2. SIGERSON MORRISON FLIP-FLOPS
A high-heeled flip-flop? Genius! No wonder ladies are snapping them up — at $85 a pair.
3. DA ALI G TRANSLATOR
Now yous too can bang dig your bestest (H)BO natta show ‘ost Ali G wiv ‘elp from dis friendly website. (mackers.com/alig)
4. ALTERNATE ENDING TO ‘28 DAYS LATER’
Check out the spookier finish, now in theaters — if you dare!
5. DOGGY FIZZLE TELEVIZZLE
We won’t stoop to Snoop-speak — it’s a cliche — but Snoop Dogg’s ribald MTV variety show is adding sizzle in a summer of fizzle.

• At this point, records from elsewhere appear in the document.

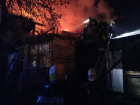 Крупный пожар в Советском районе Астрахани тушили дольше трех часов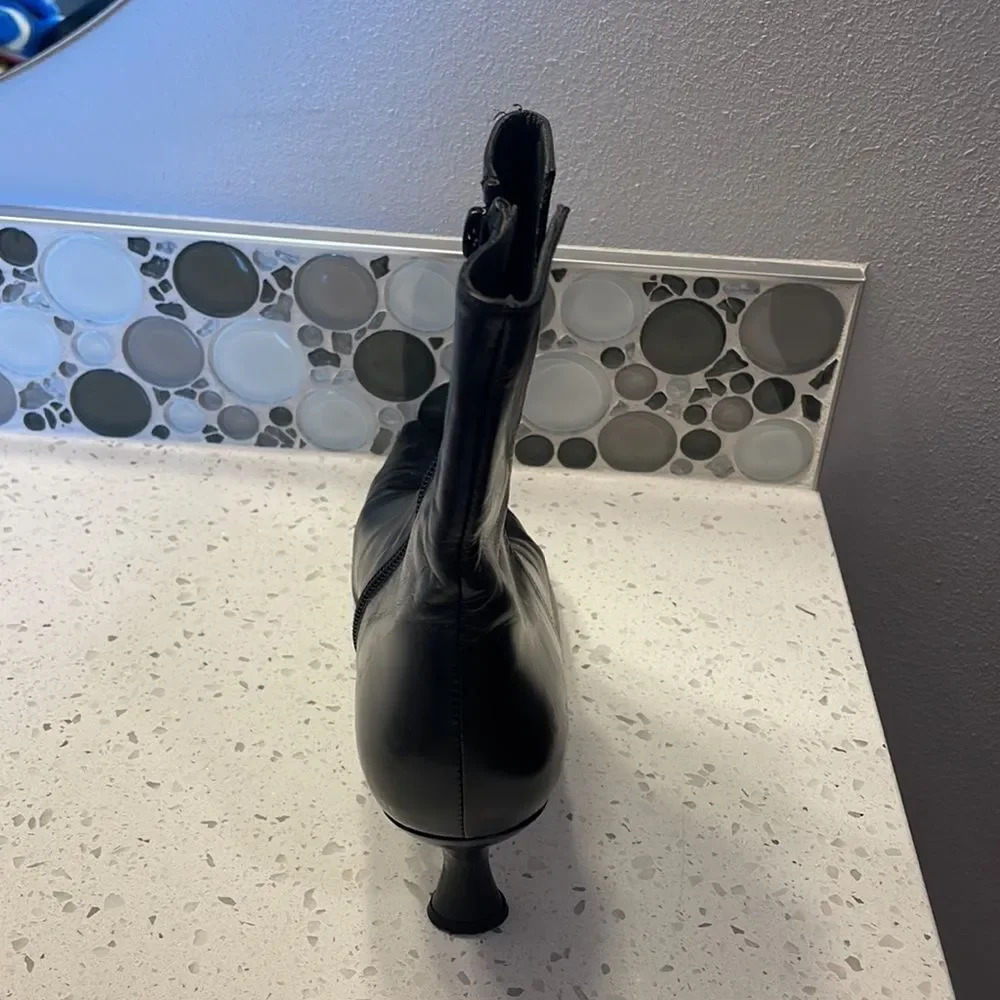 Stuart Weitzman Right Leather Boot Only - image 4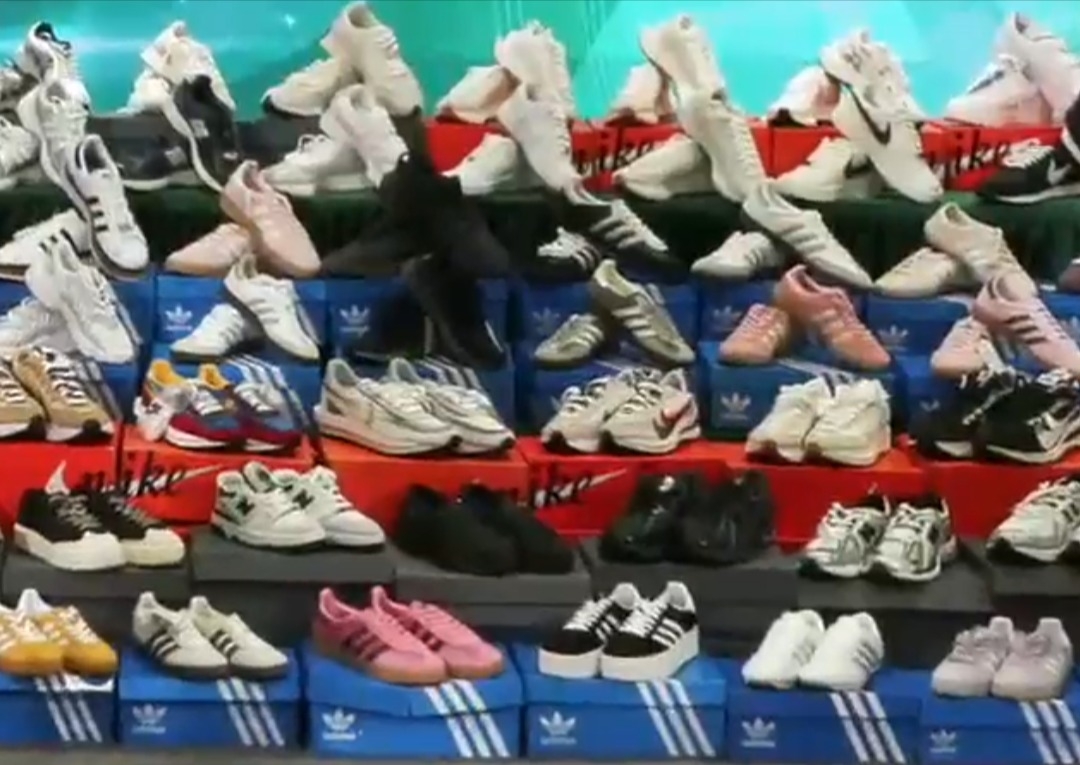 海關搗破售賣冒牌波鞋的網店，檢市值200萬元假貨，拘1男1女，涉洗黑錢1300萬元。（海關Facebook直播截圖）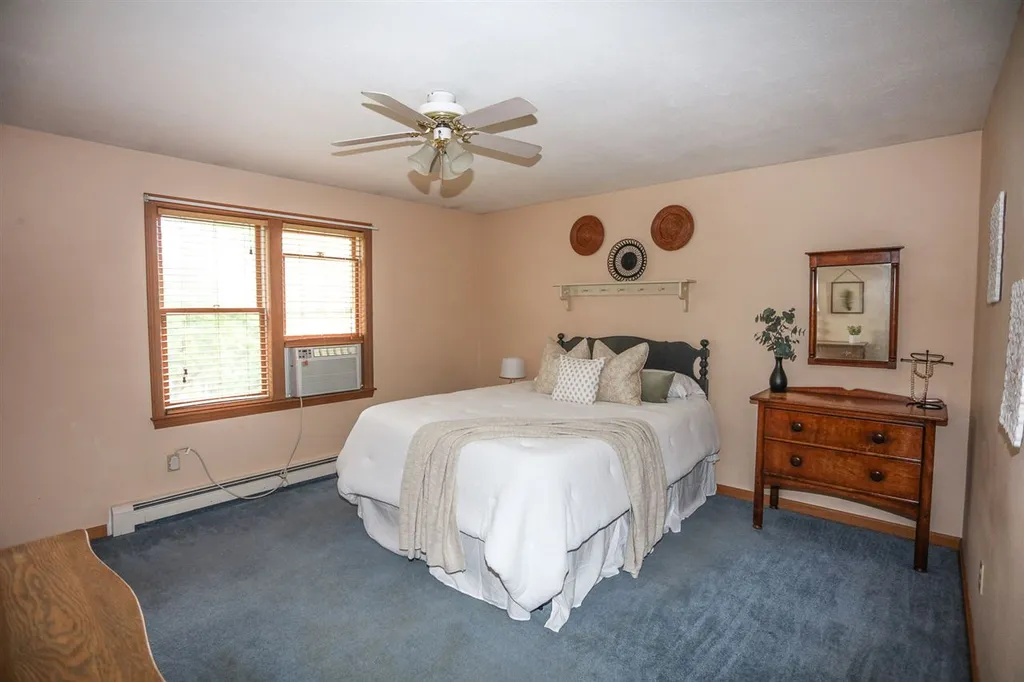 40 Joanne Drive Hooksett NH 03106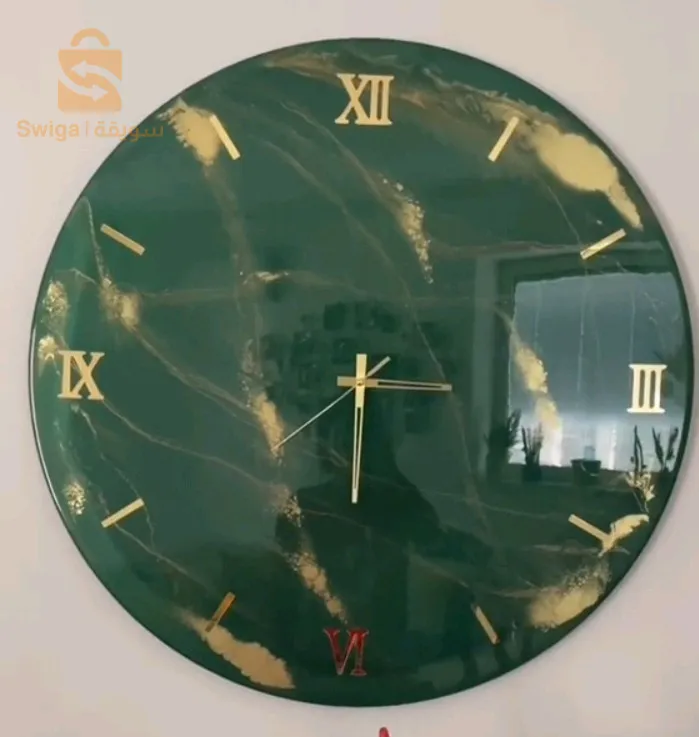 ساعة حائط من الخشب و الريزن هدية حسب الطلب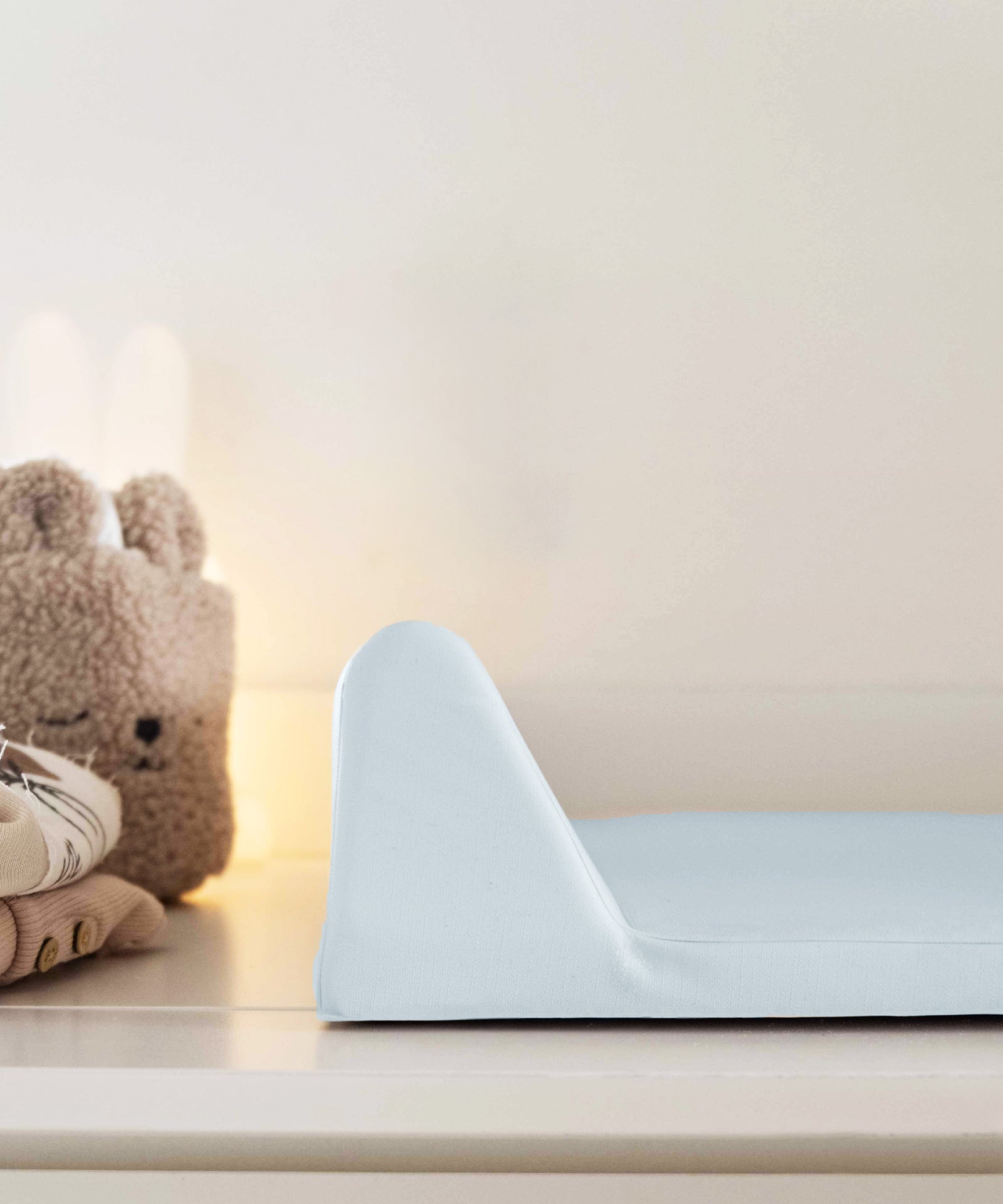 Zeitloses Design*Die Wickelauflage ist in verschiedenen uni- und gemusterten Designs erhältlich - passend zu jedem Einrichtungsstil und Geschmack.|Keilförmiger Seitenrand an Wickelauflage abwaschbar hellblau.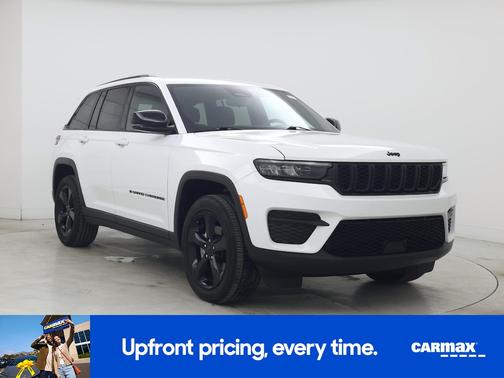 White 2023 Jeep Grand Cherokee Altitude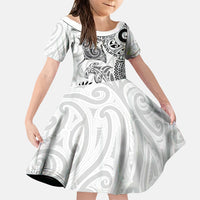 Aotearoa Maori Sea Animals Tribal Family Matching Off Shoulder Maxi Dress and Hawaiian Shirt Manta Ray and Shark Moko Pattern White Color LT03 Daughter's Dress White - Polynesian Pride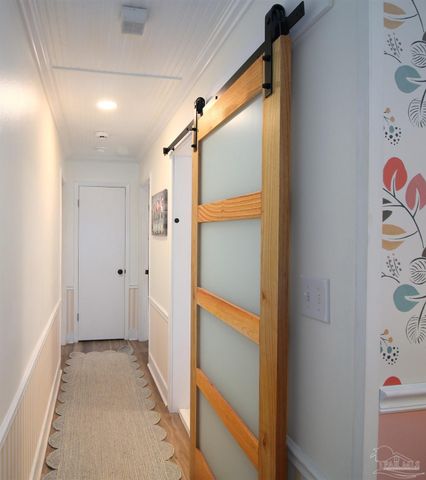 6201 Glendale Dr, Milton, FL 32570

See, we came close, but still no Snoopizzle speakizzle — oh, doggnab it! It’s just so fun!
6. MR. S, BY GEORGE JACOBS AND WILLIAM STADIEM
Frank Sinatra’s former valet has written a rarity: a loving poison-pen memoir, full of the Chairman’s bad behavior but still laced with the milk of human kindness.
7. PAGES 243-52 IN ‘KATE REMEMBERED’
Guess who’s coming to dinner in the book’s wackiest episode? Why, it’s…Michael Jackson. Pour Miss Hepburn a stiff drink — pronto.
8. THE RESTAURANT
If the first course is any indication, we think we’ll be coming back to NBC’s behind-the-scenes-at-an-eatery reality show.
9. ”BEER FOR MY HORSES,” TOBY KEITH AND WILLIE NELSON
Finally, an ode to equine inebriation that you can actually dance to.
10. JUNIOR SENIOR’S ”MOVE YOUR FEET” VIDEO
Featuring an exploding dolphin, a wicked squirrel, and a wickeder beat, this super-busy cartoon is a three-minute piece o’ dance heaven.